YOUR GOAL: Everything from the line containing "industrial railway buildings 3D Model" through the end of the data below should be copied exactly, with no other lines.

PROVIDED ENTRIES:
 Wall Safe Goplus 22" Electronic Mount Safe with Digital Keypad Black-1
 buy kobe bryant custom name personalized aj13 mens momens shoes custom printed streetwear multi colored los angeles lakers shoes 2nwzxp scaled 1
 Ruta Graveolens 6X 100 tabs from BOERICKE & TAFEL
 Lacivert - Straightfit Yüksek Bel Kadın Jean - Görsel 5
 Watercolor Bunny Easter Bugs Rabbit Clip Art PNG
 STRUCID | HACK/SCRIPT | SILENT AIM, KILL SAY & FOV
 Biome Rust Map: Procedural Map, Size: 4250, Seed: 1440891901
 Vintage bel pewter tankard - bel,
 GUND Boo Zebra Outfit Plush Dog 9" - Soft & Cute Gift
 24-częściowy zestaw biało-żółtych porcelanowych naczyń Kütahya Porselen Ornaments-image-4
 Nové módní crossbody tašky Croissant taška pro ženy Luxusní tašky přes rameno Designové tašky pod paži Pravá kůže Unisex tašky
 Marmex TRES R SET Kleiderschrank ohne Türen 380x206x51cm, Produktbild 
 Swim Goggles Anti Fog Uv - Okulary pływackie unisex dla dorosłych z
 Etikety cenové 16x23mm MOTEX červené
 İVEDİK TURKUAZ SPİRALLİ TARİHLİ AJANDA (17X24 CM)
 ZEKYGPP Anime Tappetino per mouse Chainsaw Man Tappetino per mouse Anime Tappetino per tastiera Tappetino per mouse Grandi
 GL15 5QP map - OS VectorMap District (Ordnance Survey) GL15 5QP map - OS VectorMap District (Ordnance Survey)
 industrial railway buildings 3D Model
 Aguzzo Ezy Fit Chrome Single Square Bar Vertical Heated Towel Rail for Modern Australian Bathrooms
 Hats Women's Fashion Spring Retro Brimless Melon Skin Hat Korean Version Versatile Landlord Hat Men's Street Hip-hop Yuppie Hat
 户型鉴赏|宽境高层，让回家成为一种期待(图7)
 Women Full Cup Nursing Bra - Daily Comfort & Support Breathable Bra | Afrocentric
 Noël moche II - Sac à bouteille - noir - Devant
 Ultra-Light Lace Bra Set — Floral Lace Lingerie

REPLY TO THE EXERCISE:
 industrial railway buildings 3D Model
 Aguzzo Ezy Fit Chrome Single Square Bar Vertical Heated Towel Rail for Modern Australian Bathrooms
 Hats Women's Fashion Spring Retro Brimless Melon Skin Hat Korean Version Versatile Landlord Hat Men's Street Hip-hop Yuppie Hat
 户型鉴赏|宽境高层，让回家成为一种期待(图7)
 Women Full Cup Nursing Bra - Daily Comfort & Support Breathable Bra | Afrocentric
 Noël moche II - Sac à bouteille - noir - Devant
 Ultra-Light Lace Bra Set — Floral Lace Lingerie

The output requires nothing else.